Fajar tanpa ragu menyanggupinya.

“Ok Akira. Kamu pimpin mereka sampai di tempat tujuan,” ujar Fajar memohon bantuan sahabatnya.

Akira mengangguk mantap, meyakinkah Fajar bahwa dia bisa memimpin rombongan, kemudian berpamitan.

“Douzo,[1] Aki.” Fajar mempersilakan Akira untuk duluan.

“Ikimashou!”[2] Akira mengajak Harumi, Hideki, Toshio dan Yusihiro. Mereka berlima melanjutkan perjalanan dengan ritme jalan cepat. Sementara aku dan Fajar tidak terburu-buru.

“Baru pertama kali, ya?” tanya Fajar sambil menyodorkan botol air mineral ke arahku.

“Iya, Jar. Cakep banget pemandangannya. Terima kasih ya, sudah ngajak aku ke sini. Kamu sudah terbiasa pergi hiking?”

“Iya, Senja. Ini salah satu tempat favorit yang pernah aku kunjungi selama tinggal di Jepang. Tapi baru pertama kali kalau pergi rame-rame gini. Seringnya aku pergi sendiri. Yuk, jalan lagi. Kalau cape, bilang ya. Nanti kita istirahat.” Ajak Fajar.

Aku hanya mengangguk tak banyak berkata. Aku jalan di depan, sementara Fajar di belakangku. Tadinya aku menolak, tapi karena Fajar takut jalannya terlalu cepat, dia memintaku untuk jalan lebih dulu.

Melewati satu per satu tangga yang kulalui saat trekking ini, membuatku semakin bersemangat untuk menantikan keindahan yang akan aku nikmati selanjutnya. Di tengah kenyamanan yang ditawarkan oleh cuaca puncak musim gugur dan tak hentinya aku mengagumi panorama alam khas musim gugur yang sangat indah ini, aku berpikir ini seperti mimpi yang menjadi nyata. Aneka daun berwarna kecoklatan sungguh sedap dipandang mata, aku tersenyum lebar menyapu pemandangan cantik yang ada dihadapanku di sepanjang jalan.

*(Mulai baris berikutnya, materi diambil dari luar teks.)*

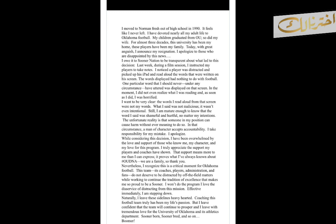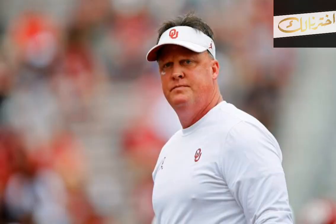I want to be very clear, the words I read aloud from that screen were not my words. What I said was not malicious, it wasn't even intentional. Still, I am mature enough to know that the word I said was shameful and hurtful.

Tak berapa lama setelah melewati satu per satu anak tangga, saat jalanan mendatar di atas kayu-kayu yang tersusun rapi. Aku menyaksikan pemandangan yang tak kalah spektakuler dari alam yang aku lihat.

Sepasang Kakek dan Nenek, mereka sedang istirahat. Sambil duduk, mereka membuka bekal, bersenda gurau. Cinta yang terpancar dari kedua mata yang kutangkap sekilas, sungguh membuat pemandangan alam kalah indah dengan apa yang ada dihadapanku.

Aku berhenti, disusul Fajar yang belum menyadari apa yang kulihat.

“Ada apa Senja?” tanyanya sedikit khawatir. Dia pikir aku kenapa-napa.

“Lihat, Jar.” Aku memberi kode dengan pemandangan di depan mata.

Tak berapa lama, Fajar memintaku untuk kembali jalan. Setelah melewati sepasang sejoli ini, dia akhirnya bersuara.

“Romantis, ya. Aku sungguh iri jika melihat pemandangan seperti itu. Aku tak pernah iri jika melihat pasangan muda mudi berpasangan terlihat romantis—itu terlalu biasa. Bagiku menyaksikan sepasang Kakek dan Nenek tampak mesra hingga tua dan masih bisa hiking bareng, itu baru luar biasa. Meskipun ini pemandangan biasa di negeri ini selama aku pergi traveling ke beberapa tempat di Jepang.” Ungkap Fajar.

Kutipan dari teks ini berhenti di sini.